After leaving the university, he was employed as an assistant master of Tonbridge School, but in 1853 converted to Catholicism, and began to earn his living from writing and editorial work. He returned to the Church of England in 1860, but again became a Catholic in 1871.

He died at Ventnor on 20 November 1897, after some years of illness.

==Works==
In 1855, Walford published an abridged work containing Sozomen's and Philostorgius' Ecclesiastical History, which he translated into English. His genealogical compilations include Walford's County Families (begun 1860) and the Windsor Peerage (1890). He also contributed articles to the Dictionary of National Biography.
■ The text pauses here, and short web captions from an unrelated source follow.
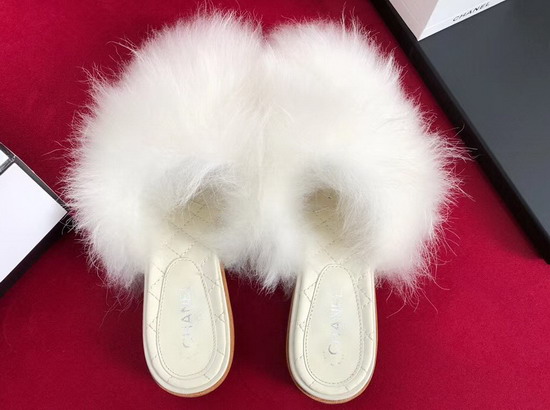 Chanel Shearling Mules in White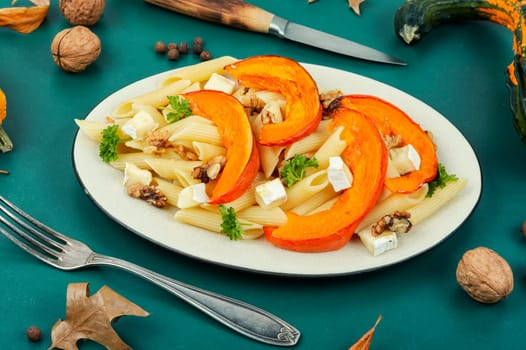 Appetizing autumn dish, pasta with baked pumpkins and nuts. Space for text.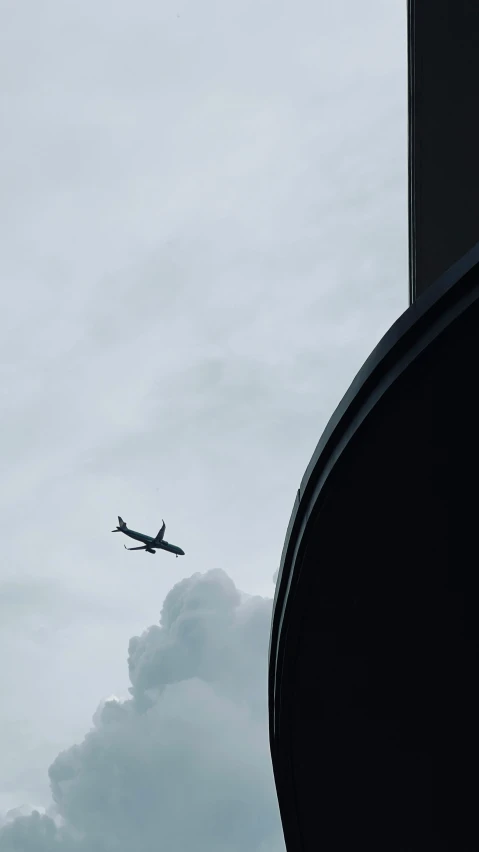 an airplane is flying high up in the sky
Walford was assistant editor of the magazine Once a Week from 1859 until 1865, when he succeeded Samuel Lucas as editor. In 1862, he took over the existing biographical compendium of eminent living persons, Men of the Time, and retitled it Men and Women of the Time. His work on this compendium led to correspondence with many prominent individuals, including Charles Darwin and Wilkie Collins.

He edited The Gentleman's Magazine from 1866 to 1868, and The Antiquary from 1879 to 1880. Soon after The Antiquary began publication he had a well-publicised falling-out with the publisher, Elliot Stock, and in 1882 launched the rival Antiquarian Magazine and Bibliographer (renamed Walford's Antiquarian Magazine and Bibliographical Review 1885). This journal ceased publication in 1886.